My Swedish Career

‘If you have an idea, go for it and just do it’

'If you have an idea, go for it and just do it'
Pramodini Makehelwala Senevirathne owns the company Bloqmode. Photo: Caroline Holt Photography
Pramodini Makehelwala Senevirathne from Sri Lanka is the founder and co-owner of Bloqmode, a company renting out the latest fashion pieces at affordable prices.

Pramodini Makehelwala Senevirathne, 33, moved from Sri Lanka to Sweden in 2011. Since then she has finished her master's degree in computer science at Stockholm University and started her own company, Bloqmode.

Like for so many others before her, it was love that first brought her to Sweden, when she married her partner who already worked in the country.

“He is also from Sri Lanka but he is working here, so after I got married I had to move here,” she laughs.

Bloqmode was born in one of her university classes, after the students were asked to work on a project and present it in front of the class. Seneviathne and her group of four suggested the idea of making quality dresses available to people on a budget, a business concept she had thought of for a long time.

“I’ve had this idea all the time in my mind,” Seneviathne tells The Local.

“After we presented this as our project idea everybody said 'wow this is really great, you should do this'.”

Once Senevirathne graduated in 2015, she and a friend thought about bringing the idea to life and formally launched Bloqmode. The concept is easy, customers either visit Bloqmode’s website or their premises in Kista, Stockholm, and rent a dress for three days or seven days. 

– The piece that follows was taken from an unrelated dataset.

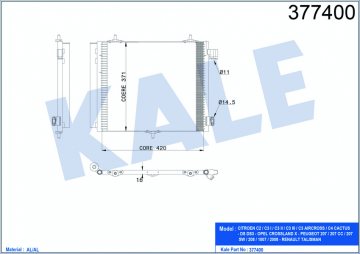 KLİMA KONDENSERİ P207 06 P208 12 P1007 05 C2-C3-C3 II-DS3 1.4-1.6 HDİ AL/AL 420x374x16 Marka : KALE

After the launch, Senevirathne's business partner and friend left Sweden. Instead she teamed up with her husband to keep the fashion start-up going.

“My friend, she went back to her country. Now me and my husband own the company,” she explains.

So far Bloqmode only delivers dresses within Stockholm, but Senevirathne reveals she has plans in the making to grow the company even further.

“I want to expand this through the whole of Sweden,” she says.

Senevirathne's role at the company is not only to handle the paperwork, but also to deal with practical things like orders and deliveries. She argues it is important to go for what you believe in and not let insecurities or the hurdles of fate stop you. 

“If you have a specific idea or whatever it is that you want to do, just go for it and just do it,” she says.

“I never thought I would be doing something like this. I mean I did my studies in IT and now I am doing my business,” she says.

“I've had this idea all the time in my mind” Seneviathne says about her business idea. Photo: Caroline Holt Photography 

Senevirathne enjoys living in Sweden and says the Swedish people she has met have been really nice and helpful. When it comes to the Swedish language, she says time rather than the language itself is the main obstacle.

“It’s not hard to learn actually. But the problem for me is that I don’t spend that much time learning it,” she laughs and explains that most Swedes know English well enough for her not to hurry her Swedish skills.

“Especially in Stockholm, people speak English really well.”

However, she has experienced one downside of the country, the job market. 

“It is really hard to find a job. Even though I have a master's degree here.”

Even though Senevirathne thinks the job market is tough in Sweden, she still believes it is a great place for people with passions they want to develop.

Innovation is booming in Sweden, she argues and many institutions are available to help you with your business and offer financial advice.

“It is a really good place to start you business.”